But others, like Mancuso, see the court’s decisions as reflecting a larger discomfort in Italy's predominantly Catholic society.
“I’d like to understand why being called gay is so offensive in this country,” Mancuso said.
After the verdict was announced, Luciano’s lawyer, Michele Brunetti, took pains to point out his client wasn’t homosexual. “Certainly, he goes on vacation with male friends and he’s never been married,” he told the Italian daily La Repubblica. “But I never had the impression that he had those tendencies.”
According to University of Bologna sociologist Luca Pietrantoni, gay rights in Italy remain behind other European countries.
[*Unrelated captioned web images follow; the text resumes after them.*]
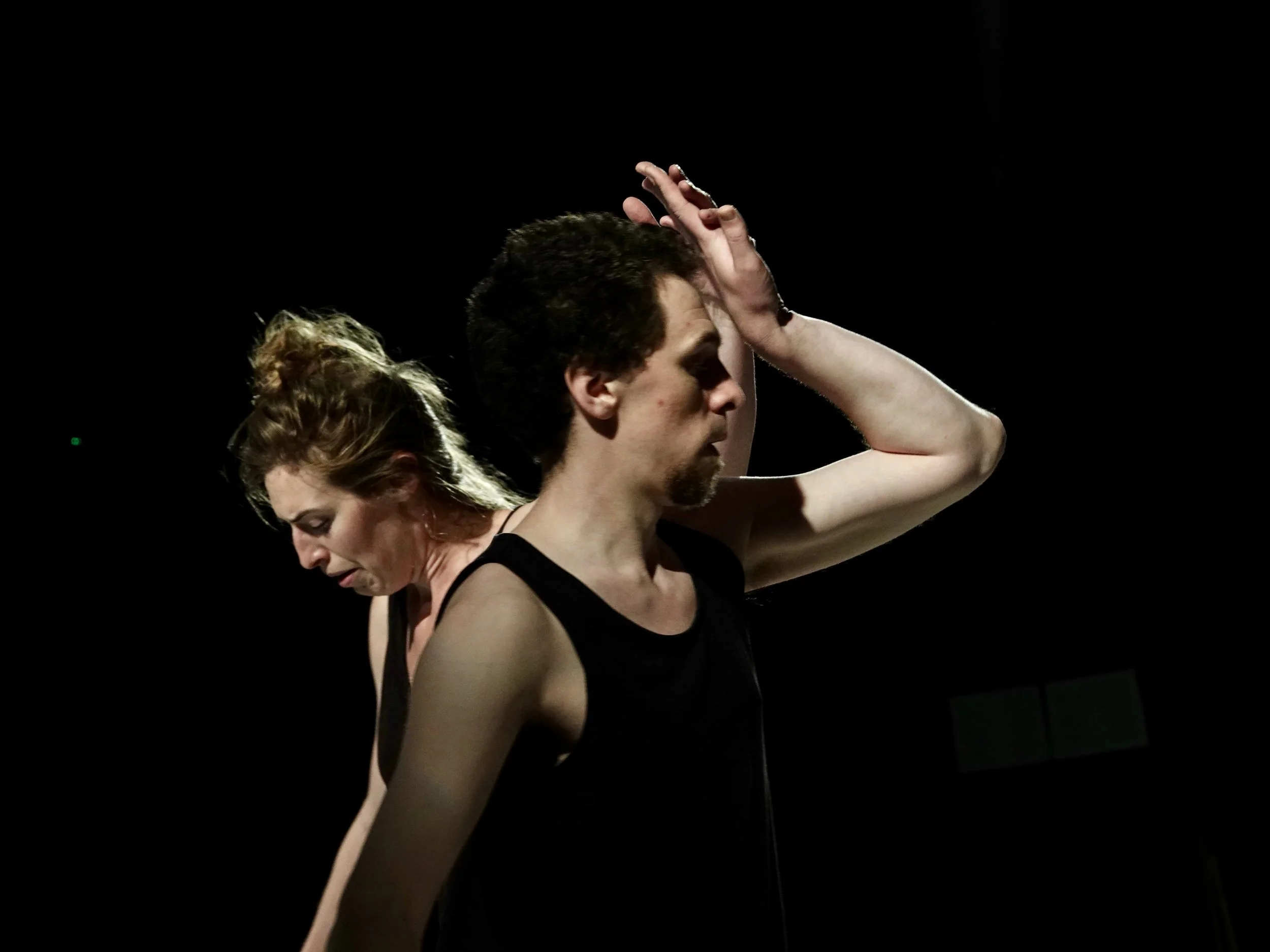 Shakespeare's Duets: Turn & Change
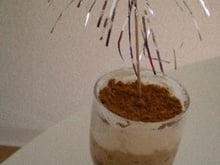 Verrine aux pommes et spéculos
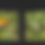 Thumbnail: LBAA Weigh in bags by FishHer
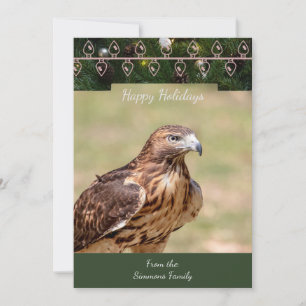 Red-Tailed Hawk Christmas Card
Homosexuals are much less likely to be open about their sexual preference, especially in the work place.
As is often the case in Italy, when it comes to homosexuality, people are generally tolerant in the public sphere — the country elected the first transgendered parliamentarian in Europe — but conservative at home.
“Gay people aren’t totally rejected by their families,” said Pietrantoni. “There’s a kind of negotiations of don’t ask don’t tell.”
According to a 2006 poll, 31 percent of Italians favored of gay marriage, compared to 42 percent in the Europe Union as a whole and 82 percent in the Netherlands. Only 24 percent of Italians agreed that homosexuals should be allowed to adopt, compared to 31 percent in the EU and 69 percent in the Netherlands.
The word “gay” is considered shameful, said Pietrantoni. Politicians tend to use synonyms: "different,” “those people.” When Bologna hosted a Gay Pride parade in 2008, the permit forbid the demonstrators from entering the city center or passing in front of churches.
“There’s a culture of avoidance,” said Pietrantoni. “As if gay identity is embarrassing, shameful.”